Provincia di Ancona, a settembre oltre 2 milioni di ore di cassa integrazione

Sono queste le cifre delle ore di cassa integrazione richieste ed autorizzate a settembre in provincia di Ancona: 805mila di CIG ordinaria, 772mila di CIG straordinaria e 657mila di CIG in deroga. Ecco i dati completi

ANCONA - Sono oltre 2 milioni le ore di cassa integrazione richieste ed autorizzate a settembre in provincia di Ancona

E’ quanto emerge dai dati resi noti dall’INPS ed elaborati dall’IRES CGIL Marche. Rispetto a settembre 2014, le ore di CIG aumentano di circa il 50% con incrementi che interessano tutte e tre le tipologie: +36,1% per l’ordinaria, +48,4% per la straordinaria, +73,3% per la deroga. Le ore di CIG richieste ed autorizzate dall’inizio dell’anno sono quasi 11 milioni, il 10,3% in meno rispetto allo stesso periodo del 2014.
Osservando le singole tipologie di cassa integrazione per i primi nove mesi del 2015 si rilevano le seguenti tendenze:

    le ore di Cassa integrazione ordinaria sono pari a 4 milioni, in aumento rispetto allo stesso periodo del 2014 (+5,6%). A livello di settori si registrano incrementi per il mobile (+4,8%), per la meccanica (+14,9%) ed il calzaturiero (le ore di CIG sono più che raddoppiate rispetto al 2014).

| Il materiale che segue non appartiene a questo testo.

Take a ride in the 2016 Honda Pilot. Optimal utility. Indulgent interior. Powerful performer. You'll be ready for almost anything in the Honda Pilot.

    le ore di Cassa integrazione straordinaria ammontano a 4,4 milioni, con una riduzione del 20,2% rispetto allo stesso periodo del 2014, diffusa a tutti i principali settori fatta eccezione per il calzaturiero in cui le ore di CIG straordinaria raddoppiano.

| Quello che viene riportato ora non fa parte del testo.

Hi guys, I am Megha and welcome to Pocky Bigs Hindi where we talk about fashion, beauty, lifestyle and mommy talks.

    Il ricorso alla Cassa integrazione in deroga è pari ad 2,3 milioni di ore, in calo rispetto allo stesso periodo del 2014 del 12,5%. Il calo è dovuto soprattutto alle variazioni negative registrate per i settori dei trasporti e dei servizi in genere. Aumenta la CIG in deroga, invece, nei settori del mobile (+12,6%), della meccanica (+32,7%), della chimica (+81,5%) e del calzaturiero (+29,3%).

“Il dato di settembre – dichiara Vilma Bontempo, segretaria Cgil Ancona -  fa registrare un aumento delle ore di cig  fino ad invertire la tendenza ad una riduzione evidenziata nell’ultima rilevazione di agosto. Questo significa che siamo ancora in un contesto incerto rispetto a quanti parlano di ripresa sicura.  Il dato più preoccupante riguarda la meccanica che è anche il settore dominante della nostra provincia per numero di addetti.  Ciò dimostra che la fase di ristrutturazione delle imprese non è finita e che le nome approvate di recente  sugli ammortizzatori sociali rischiano di peggiorare la condizione occupazionale del nostro territorio, dal momento che la nuova disciplina riduce il periodo di copertura nella sospensione dell’attività lavorativa”.